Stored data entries
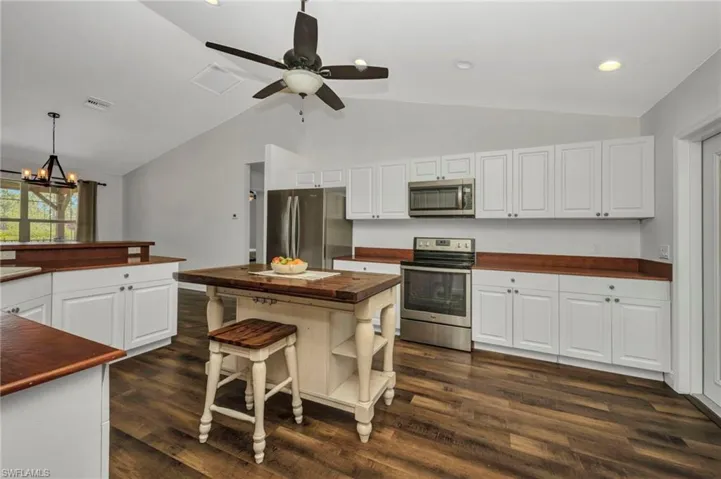 Kitchen with Vaulted Ceiling, Recessed Lighting, Center Island, Plenty of Cabinets
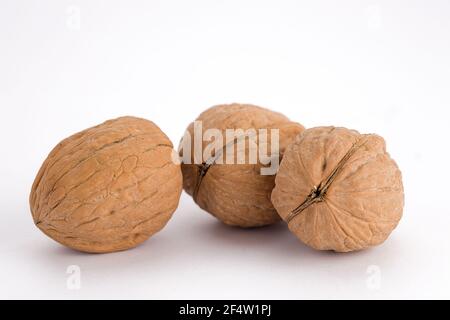 Ein Konzeptfoto von drei ganzen ungeschälten Walnüssen auf weißem Hintergrund. Stockfoto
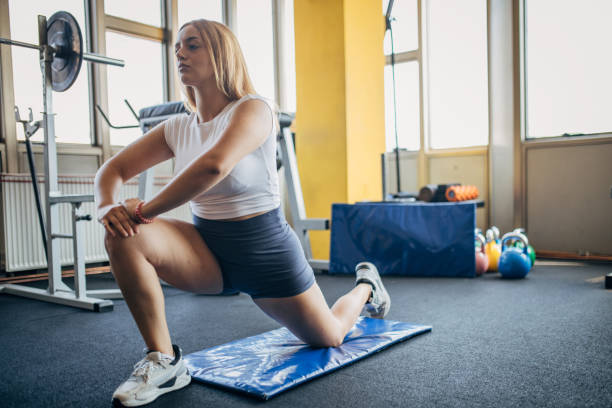 istock Woman exercising in gym 1794988912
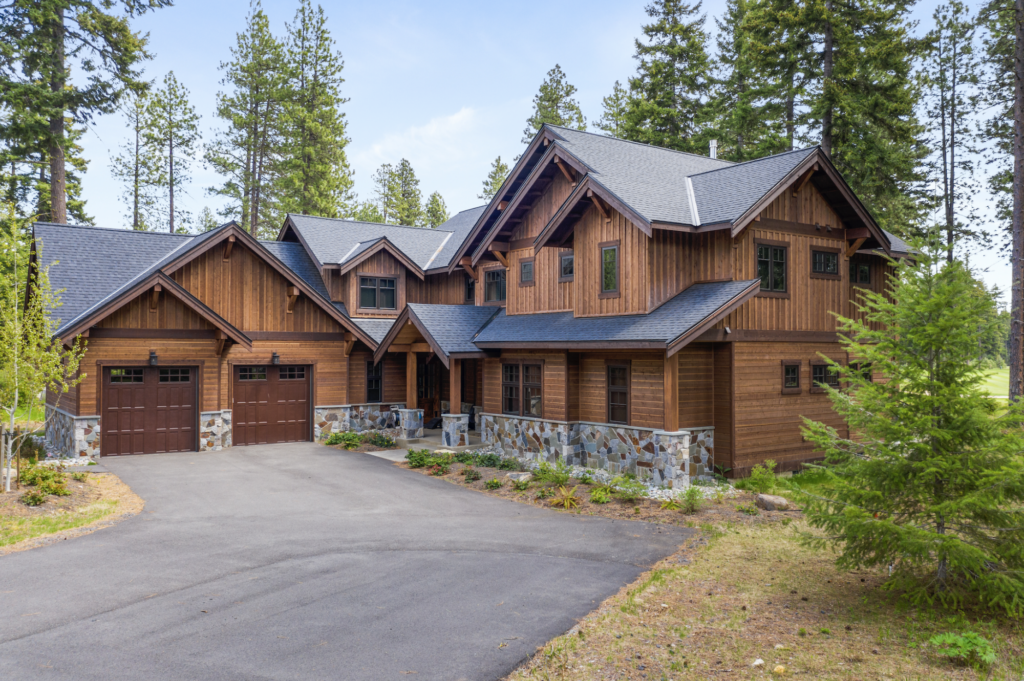 a large house with a driveway in front of it.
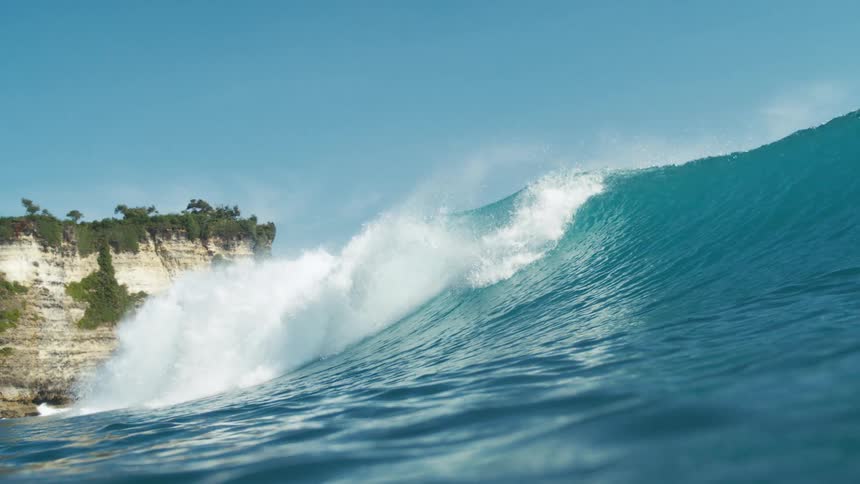 The video displays a vibrant blue ocean with a large wave breaking in the background a lush green cliff face with rocky outcroppings rises against a clear blue sky suggesting a beautiful coastal scene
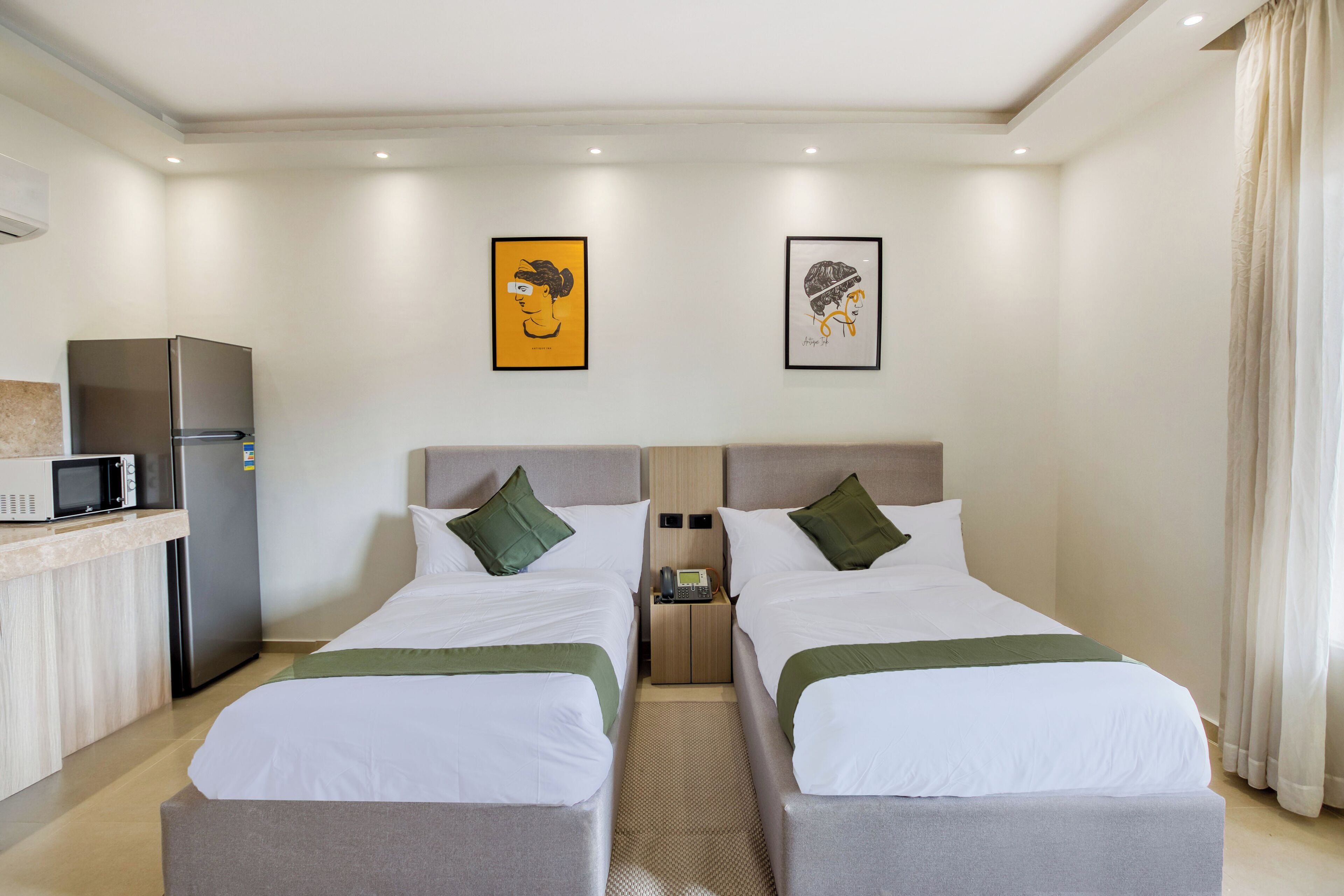 A hotel room with two beds, a kitchenette, and artwork on the walls.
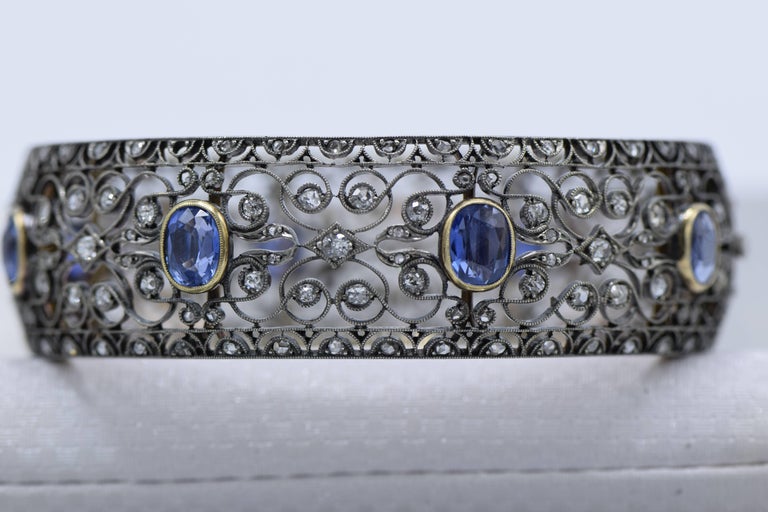 The wide hinged hoop pierced throughout with scroll and scallop motifs, decorated with eight oval sapphires weighing approximately 12.00 carats, and old-cut diamonds weighing approximately 7.00 carats, the gallery engraved with foliate details,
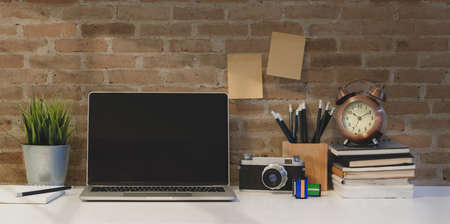Vintage photographer's workplace with open laptop, vintage camera and brick wall backgroundの写真素材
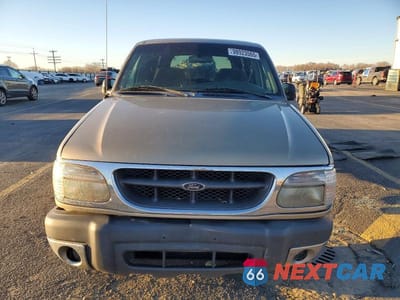Piąte zdjęcie samochodu w środku: 1999 FORD EXPLORER VIN:1FMZU34XXXZB03948 - miniatura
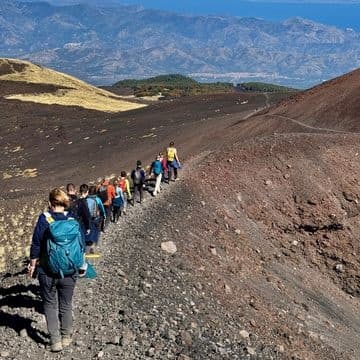 Hikers trekking a volcanic slope on Mount Etna trail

### WHAT IS REQUIRED
The lines to retype run from the one containing "A hotel room" through the last line of the records above; write them exactly and skip the pictures.

### TASK ANSWER
 A hotel room with two beds, a kitchenette, and artwork on the walls.
 The wide hinged hoop pierced throughout with scroll and scallop motifs, decorated with eight oval sapphires weighing approximately 12.00 carats, and old-cut diamonds weighing approximately 7.00 carats, the gallery engraved with foliate details,
Vintage photographer's workplace with open laptop, vintage camera and brick wall backgroundの写真素材
Piąte zdjęcie samochodu w środku: 1999 FORD EXPLORER VIN:1FMZU34XXXZB03948 - miniatura
 Hikers trekking a volcanic slope on Mount Etna trail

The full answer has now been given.